◆ **AVAILABLE DATA**

Start of Block

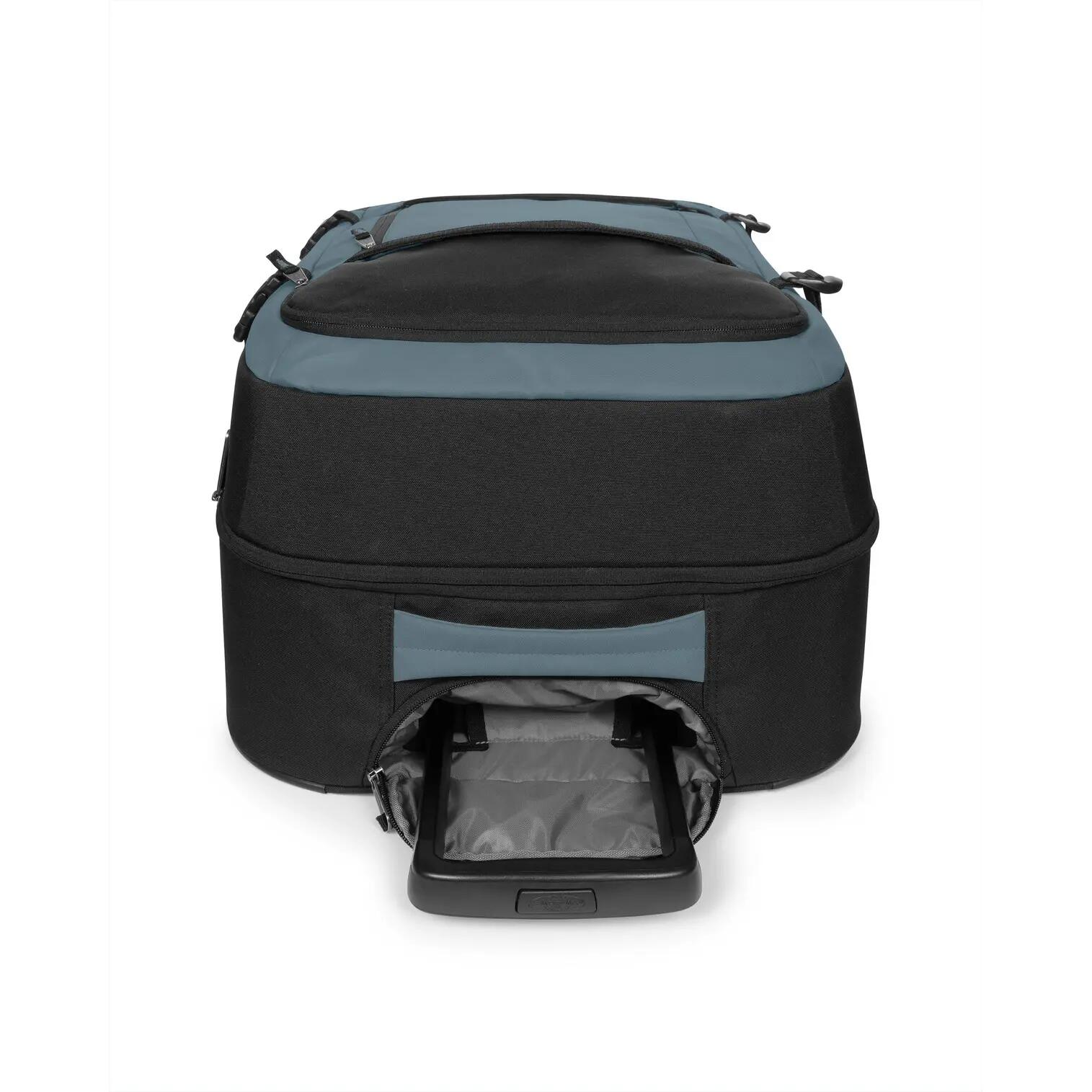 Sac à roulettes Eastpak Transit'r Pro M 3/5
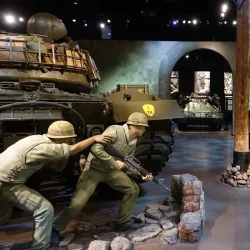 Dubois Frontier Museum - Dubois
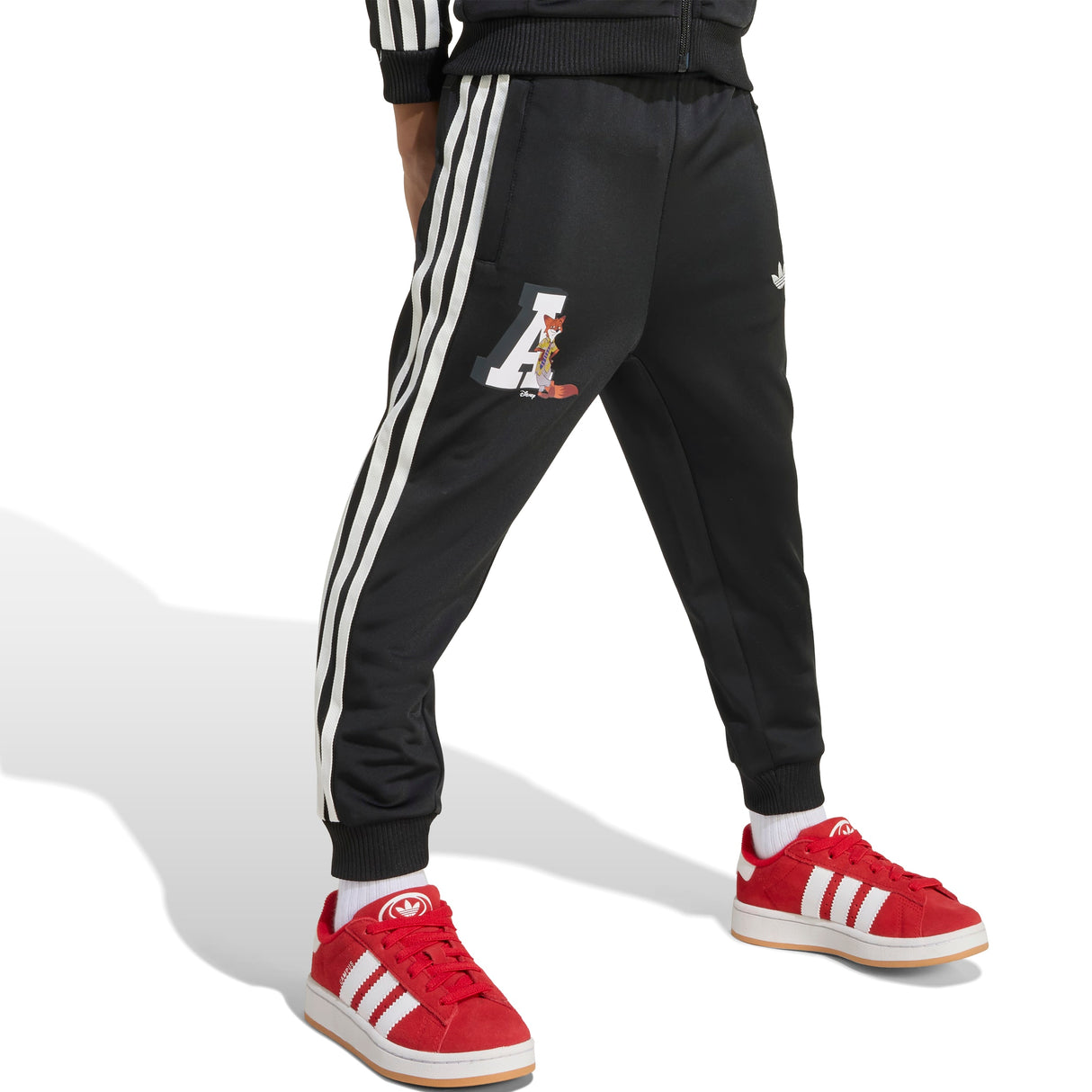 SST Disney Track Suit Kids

End of Block
Start of Block

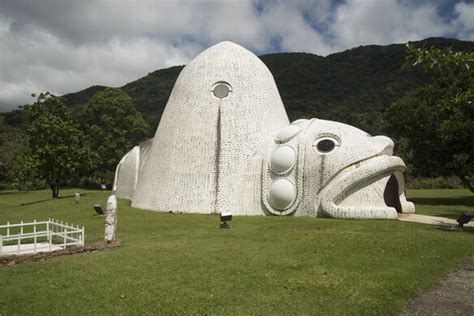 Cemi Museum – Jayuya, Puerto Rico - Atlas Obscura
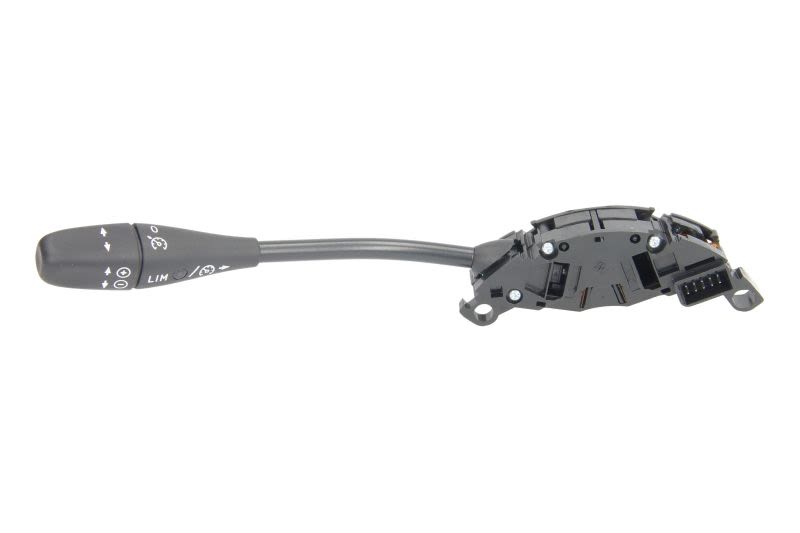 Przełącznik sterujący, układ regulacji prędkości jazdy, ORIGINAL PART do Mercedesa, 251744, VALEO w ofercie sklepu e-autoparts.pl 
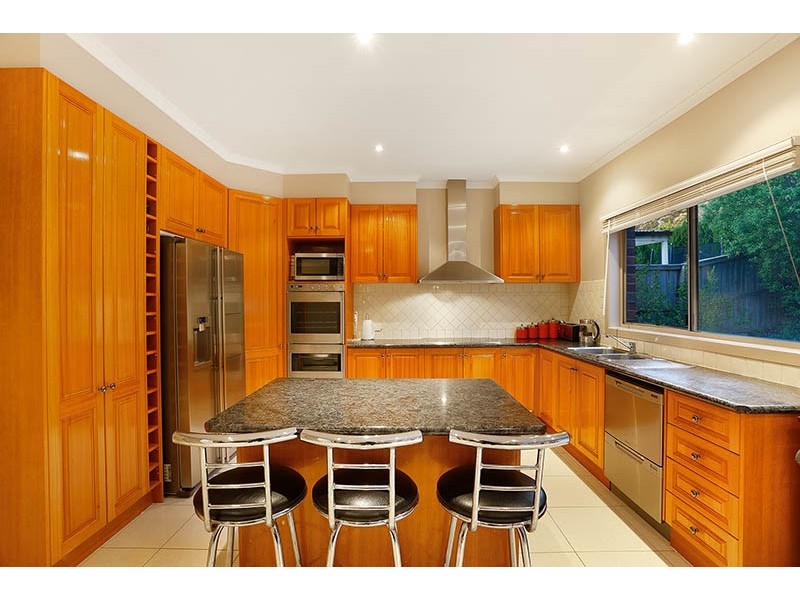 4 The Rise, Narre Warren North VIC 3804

End of Block
Start of Block

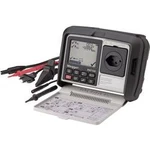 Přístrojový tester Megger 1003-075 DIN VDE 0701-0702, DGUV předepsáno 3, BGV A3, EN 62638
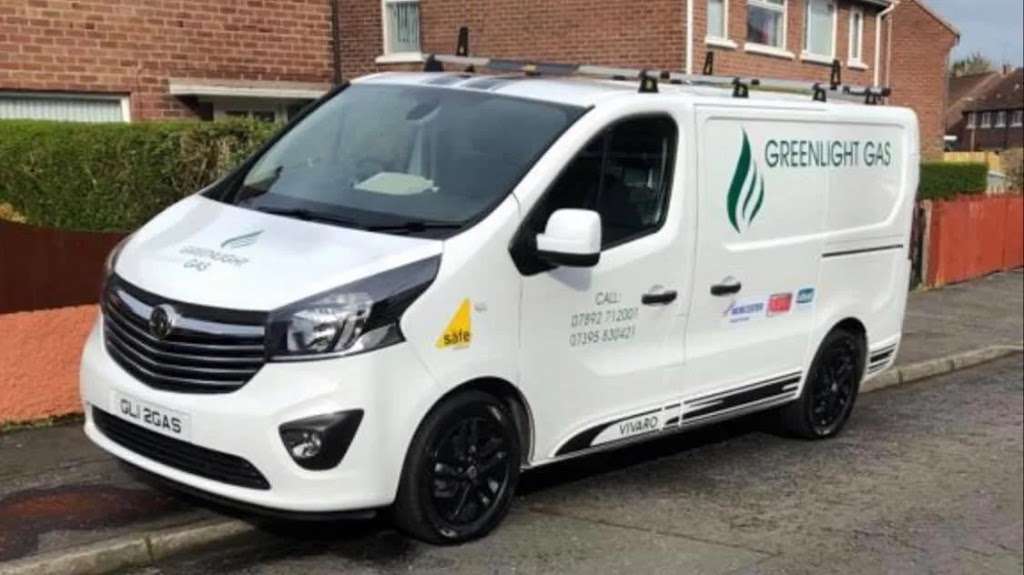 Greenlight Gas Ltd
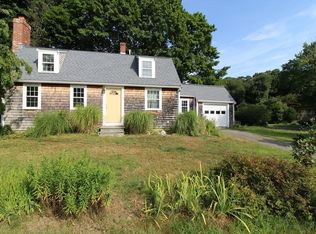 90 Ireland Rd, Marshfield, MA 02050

End of Block

◆ **ABOUT THIS EXERCISE**
Within the listing above, find the line containing "Dubois Frontier Museum - Dubois" and the line containing "SST Disney Track Suit Kids". Transcribe them and everything between them exactly, leaving out the pictures.

◆ **EXPECTED ANSWER**
 Dubois Frontier Museum - Dubois
 SST Disney Track Suit Kids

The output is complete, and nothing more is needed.